PARTICIPANTS: One hundred eighty-nine healthy older (aged 67.5 ± 4.8), active women receiving estrogen for osteoporosis over 2 years.
MEASUREMENTS: Total and appendicular skeletal muscle (ASM) and fat mass (AFM) were determined using dual x-ray absorptiometry. Physical performance, muscle strength, and fitness measures were obtained at baseline.

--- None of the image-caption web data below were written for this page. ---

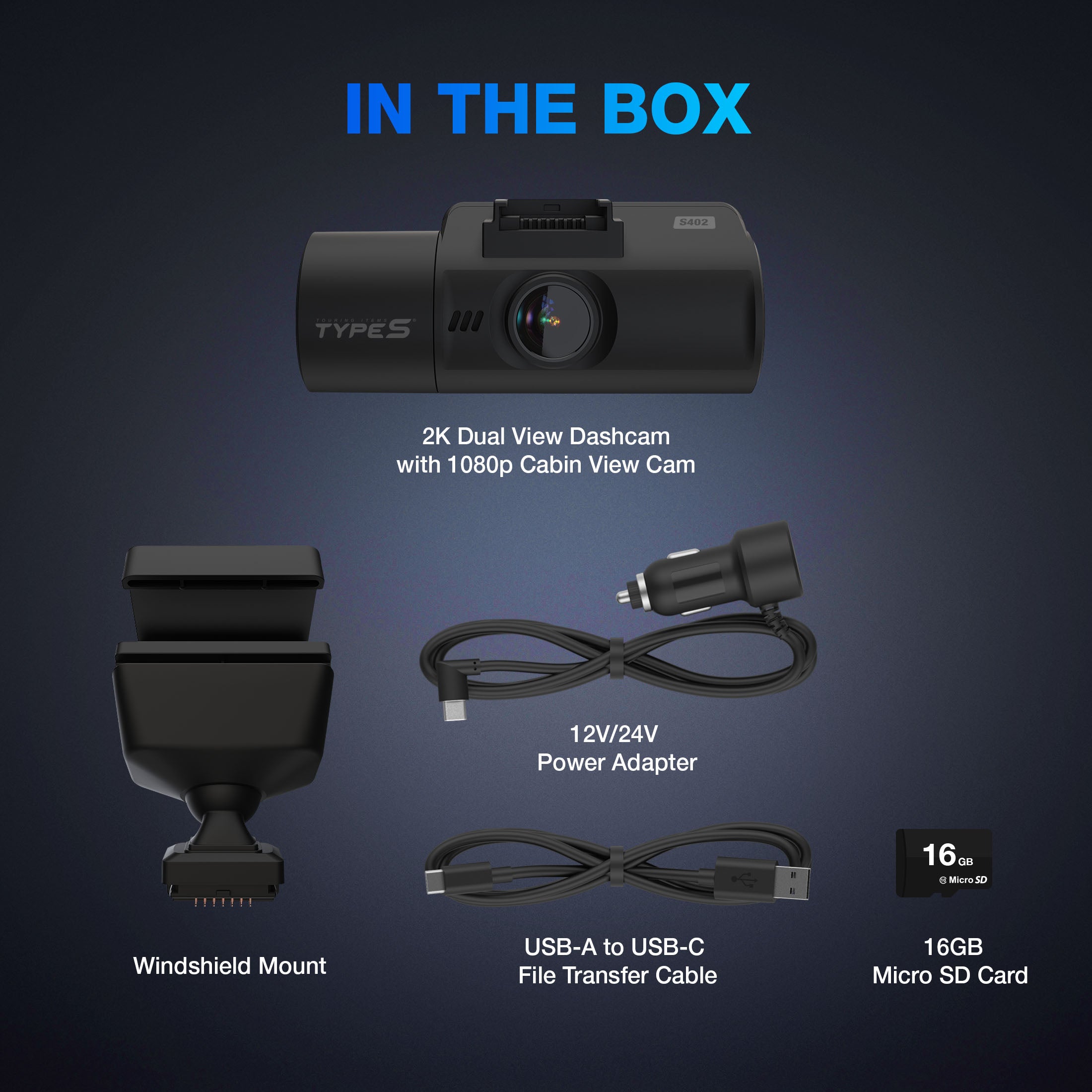 TYPE S S402 Ultra HD 4K Dual View Dashcam with FHD Cabin View Cam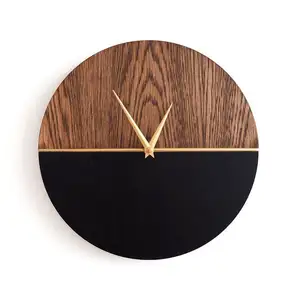 Đồng hồ treo tường bằng gỗ màu đen và đồng hồ hiện đại đơn giản và thời trang trang trí nhà khắc và hàng thủ công tùy chỉnh thiết kế sắp tới 202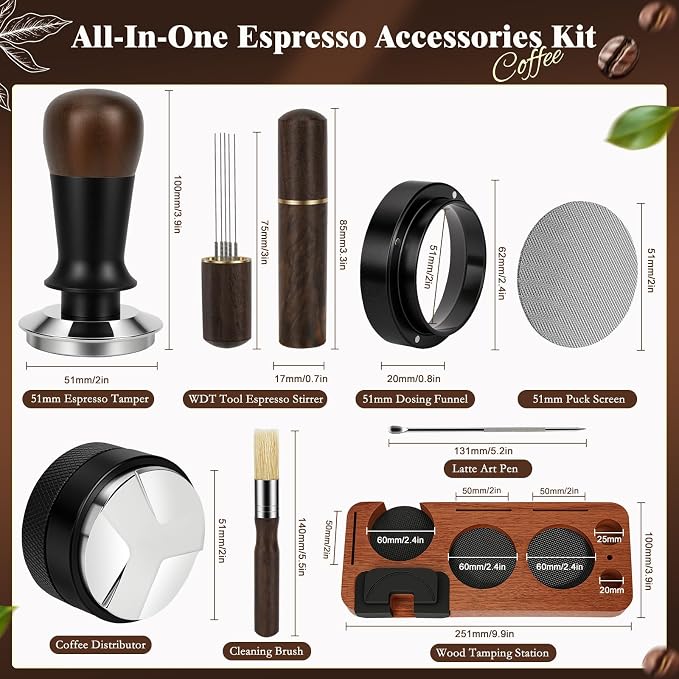 8 PCS Espresso Accessories Kit, 51mm Espresso Tamper Kit Coffee Tamper Set with Coffee Distributor, Espresso Tamping Station, WDT Tool, Dosing Funnel, Fits Delonghi 51mm Portafilter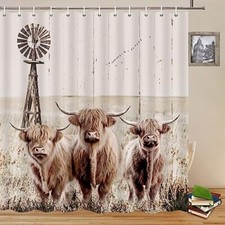 Highland Cattle Shower Curtains Rustic Farm 70 x 70 inch Grey Brown Black
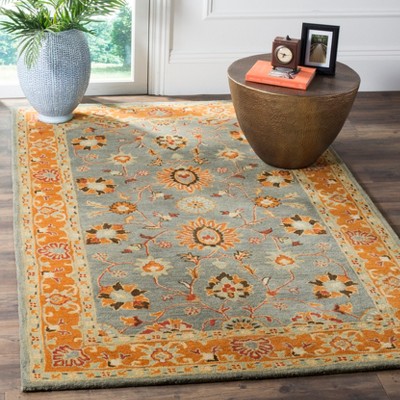 Heritage Blue and Orange Hand-Tufted Wool Area Rug 3' x 5'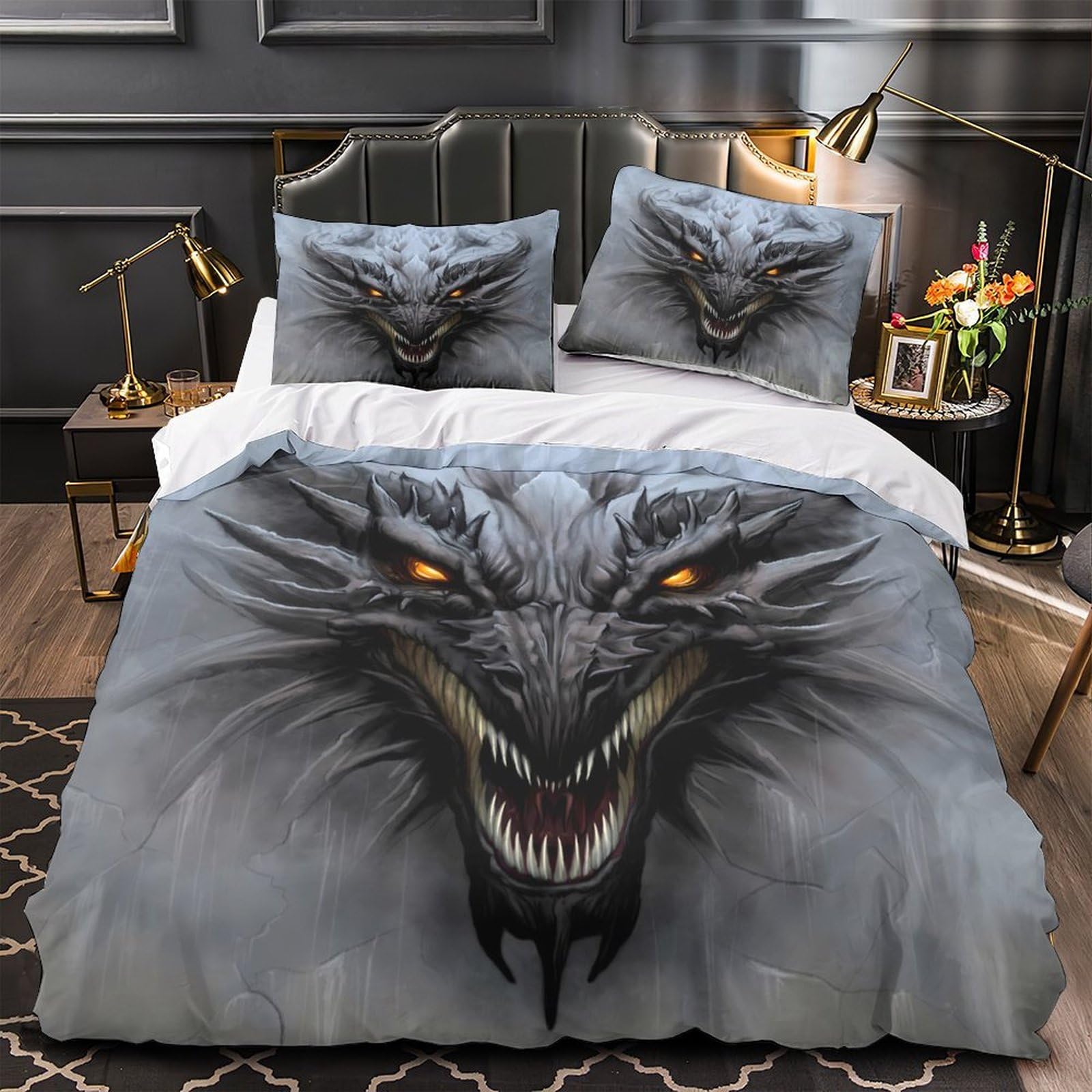 Housse de couette dragon 3D pour une chambre d'adulte fantastique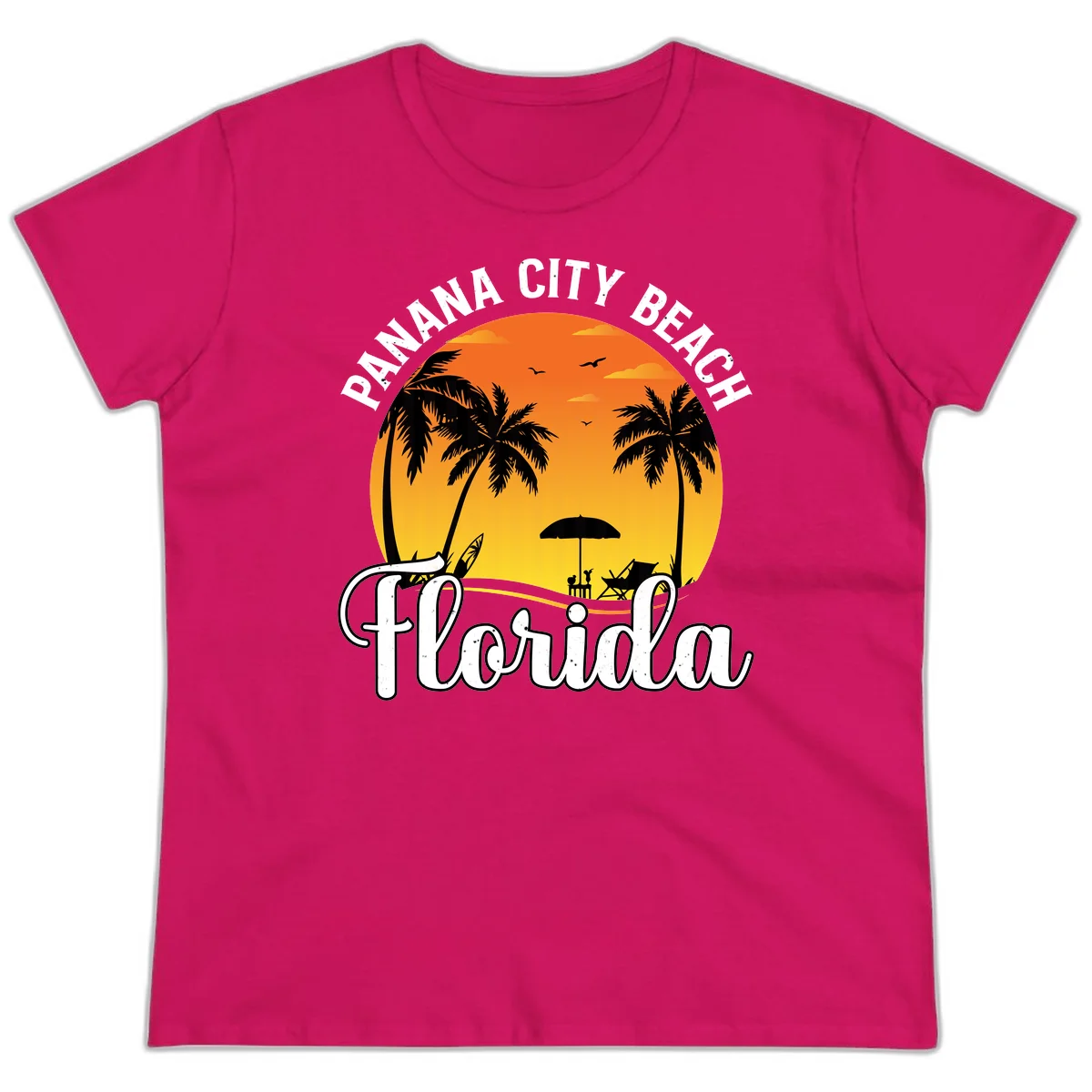 Panama City Beach Tiki Sunset Ladies Tee in Heliconia
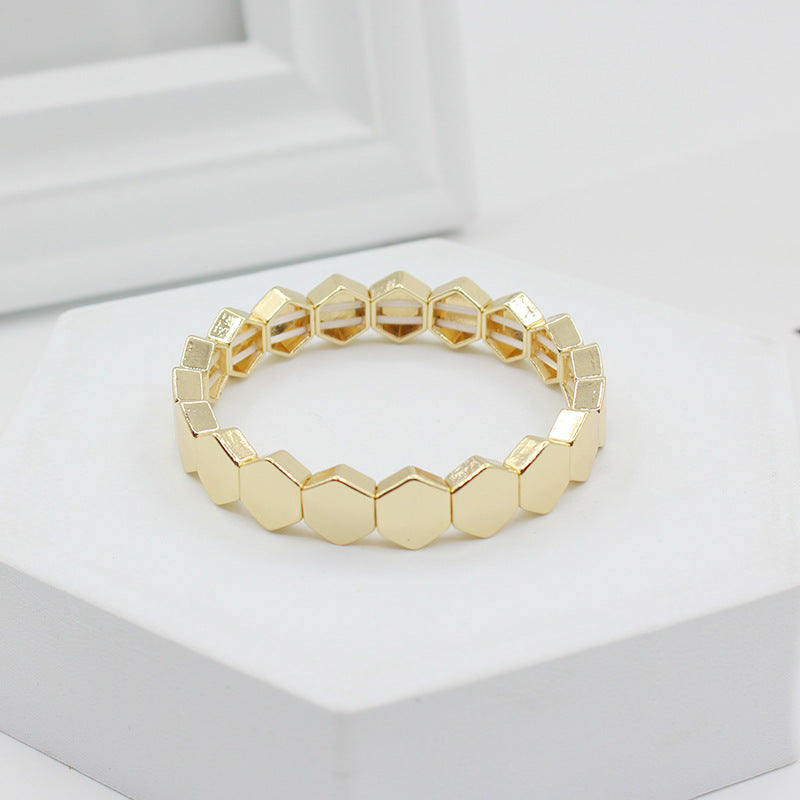 New fashion popular enamel bohemian style hexagonal stretch colorful bracelet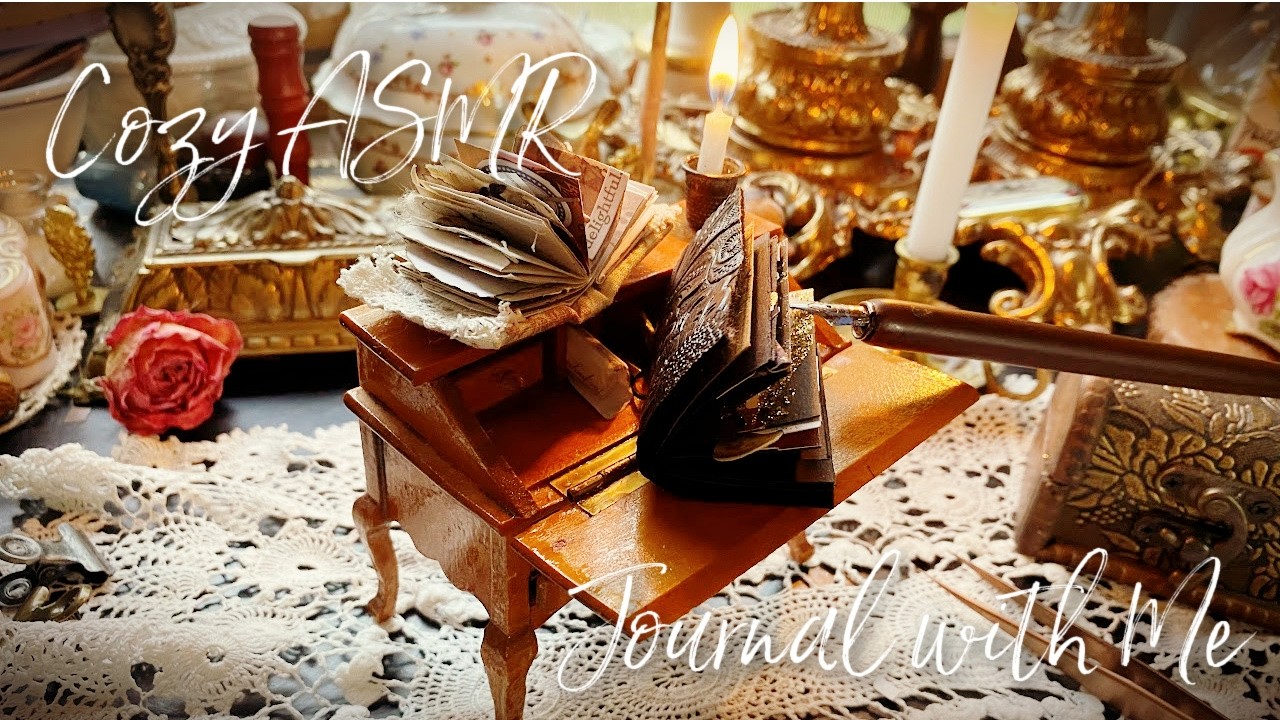 Tiny Vintage Art Diary 🤏 🕯️ Dark Academia Journal with Me | ASMR No Talking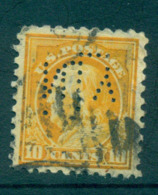USA 1916-17 Sc#472 10c Orange Yellow Franklin Perf 10 No Wmk Perfin FU Lot69092 - Altri & Non Classificati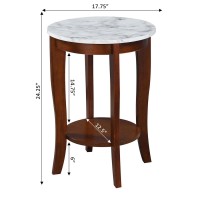 Convenience Concepts American Heritage Round End Table White Faux Marble Espresso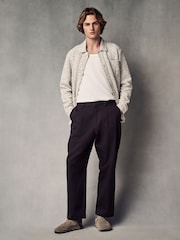 Neutral Two Tone Textured Button Through Shacket - Image 3 of 11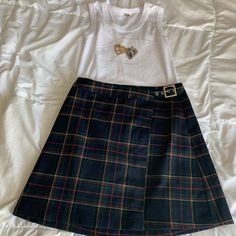 Never Worn, Nwot. One Size. Navy Blue Plaid Skirt, Brandy Melville Dana Skirt, Brandy Melville Cara Skirt, Brandy Melville Plaid Skirt, Retro Plaid Mini Skirt Bottoms, Brandy Melville Skirts, Buckle Skirt, John Galt, Green Plaid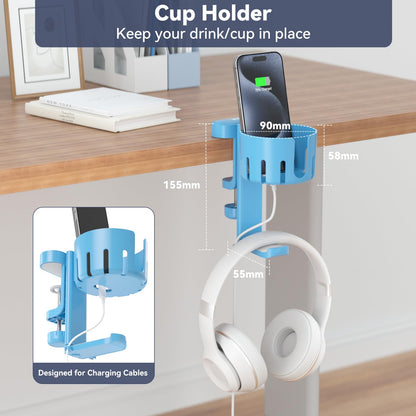 KDD 2 in 1 Headphone Hanger & Desk Cup Holder - Rotatable Under Desk Clamp - Blue - Model 790-FUTI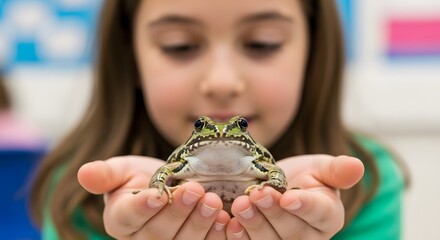 Curious Girl Examining a Lizard in Science Class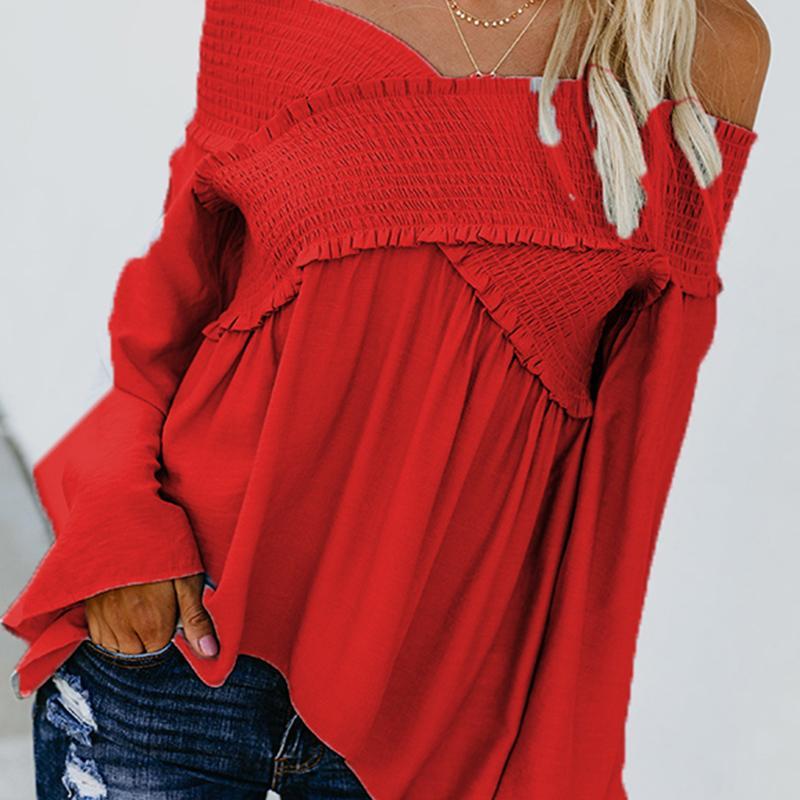 Elastic Off Shoulder Long Flare Sleeve Plain Pleated Loose T-Shirts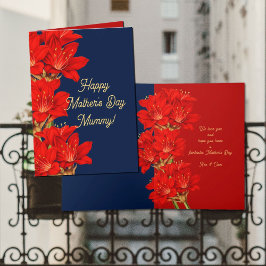 Amaryllis Blume Happy Mütter Day Message Card Einladung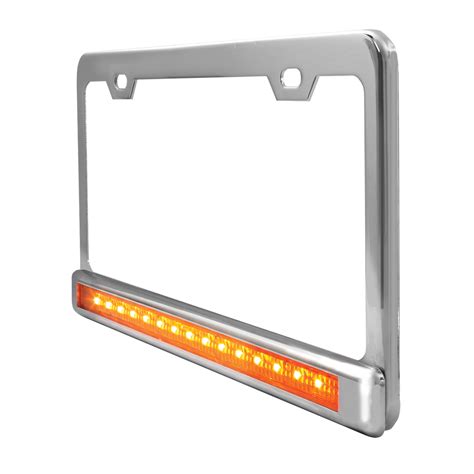 License Plate Frames with 12″ LED Light Bars & Chrome Plastic Bezels ...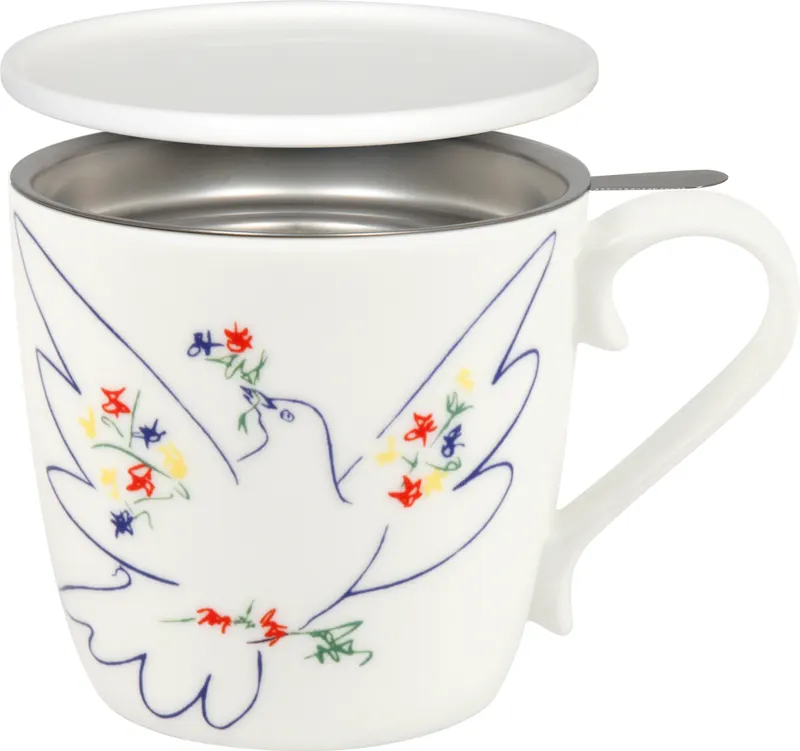 Tea Mug with Strainer, Lid & Sleeve Picasso La Colombe Du Festival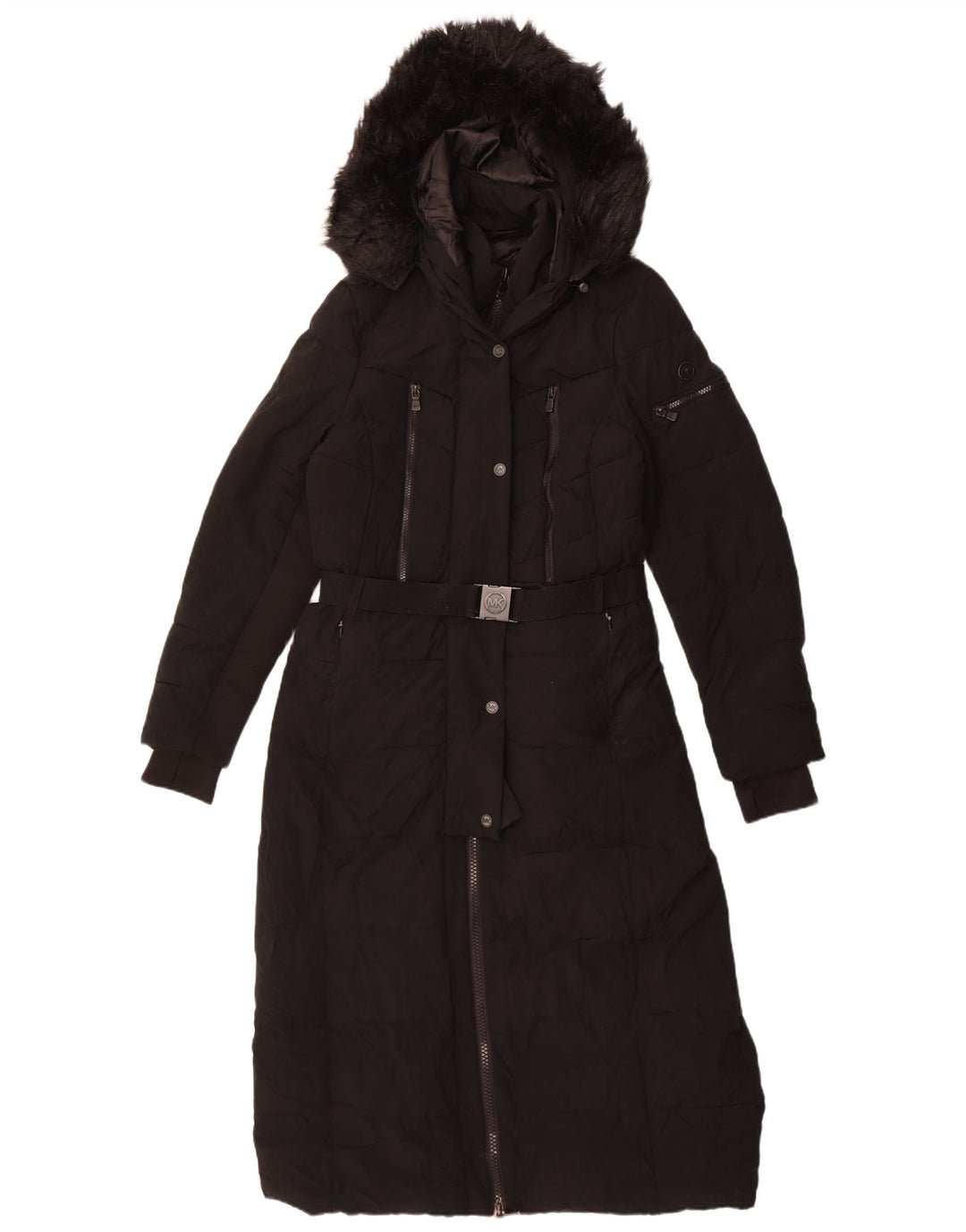 Michael Kors Dame Hætte Polstret Frakke UK 14 Medium Sort Polyester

RESULTS: Adjusting ASM for height2 identifies lean women who are sarcopenic according to published standards yet fails to identify overweight and obese women whose ASM adjusted for body mass is low. ASM divided by body mass (ASM/body mass) is a stronger physical performance predictor, explaining 32.5%, 13.5%, 11.6%, 6.3%, and 6.8% of the variance in maximum time on treadmill, 6-minute walk, gait speed, 8-foot walk, and single leg stance, respectively, whereas ASM divided by height in m2 (ASM/height2) explained only 2.9%, 0.2%, 2.0%, 0.04%, and 0.1%. Multivariate modeling demonstrated considerable overlap in aspects of ASM/body mass and AFM/body mass associated with performance, with ASM/body mass dominant. In contrast, ASM/height2 is a much stronger predictor of leg press 1 repetition maximum and maximum power.
CONCLUSION: The results suggest that relative sarcopenia with ASM adjusted for body mass is a better mobility predictor, with absolute sarcopenia a better indicator of isolated muscle group function in healthy postmenopausal women receiving estrogen replacement.